By Patricia Dracket
Director of the Crosby Arboretum and assistant extension professor of landscape architecture with the Mississippi State University Extension Service
Yes, you read that right! Now is the perfect time for planning upcoming landscape projects! Why? Because it’s about to get downright sweltering in the weeks to come and many of us will be gardening a lot less, or perhaps not at all.

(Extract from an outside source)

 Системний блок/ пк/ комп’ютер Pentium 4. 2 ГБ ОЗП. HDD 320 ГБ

Here in the Deep South, I believe summer offers an ideal time for garden planning, a completely opposite season from those who live in northern climates and may spend the winter months flipping through seed catalogs by the fire and dreaming of spring gardens. While snowy days and frozen soil may render their gardens impossible to work in, in coastal Mississippi our winter months are a great time to install new plants, as they offer many days of pleasant outdoor conditions.
In summer, perhaps you sit in air-conditioned comfort, gazing out your window at landscape beds that are a result of your winter and spring labors. Or, we may only have a glimpse of our garden during a quick journey from the car to our house. This is the time you will certainly appreciate a well-located planting bed – where it can be seen and therefore enjoyed from indoors.

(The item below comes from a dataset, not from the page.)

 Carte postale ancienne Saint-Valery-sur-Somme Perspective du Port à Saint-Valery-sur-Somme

Hopefully our landscaping will flourish in the unavoidable ever-increasing temperatures. You can ensure this will be the case by making wise planting decisions, such as choosing plants well-suited to your property’s environmental conditions and making the commitment to monitor the water to your new plants during the summer.
On your drives, pay attention to which plants are prospering under summer’s sunny, humid conditions. Take photos of the plants you like and make plans to install them in your garden next spring! If you are unsure of the identity of a plant, try a plant ID app you can install on your phone. I’ve been impressed to learn that our visitors have accurately identified obscure native plants species at the Arboretum with such apps! You may also email a photo to the Arboretum or to the Pearl River County Extension office.
A great website for plant identification for wild plants is http://www.southeasternflora.com/. This site uses a variety of photos showing many plant characteristics to help in its identification, instead of just a pretty picture of a bloom, and was designed specifically for persons having a limited knowledge of plants.
You can also find plants growing in our pollinator garden that are doing just fine despite the hot weather, such as Lantana, Salvia, basil, Pentas, Stokes aster, Hibiscus, and milkweed. For other top-performing species, visit Mississippi State University’s Extension website at http://extension.msstate.edu/. Just enter keywords in the search field such as “beat the heat”, or “summer”, and settle in for some reading. You can also find numerous home landscape publications on the MSU Extension site, to print or download to your computer.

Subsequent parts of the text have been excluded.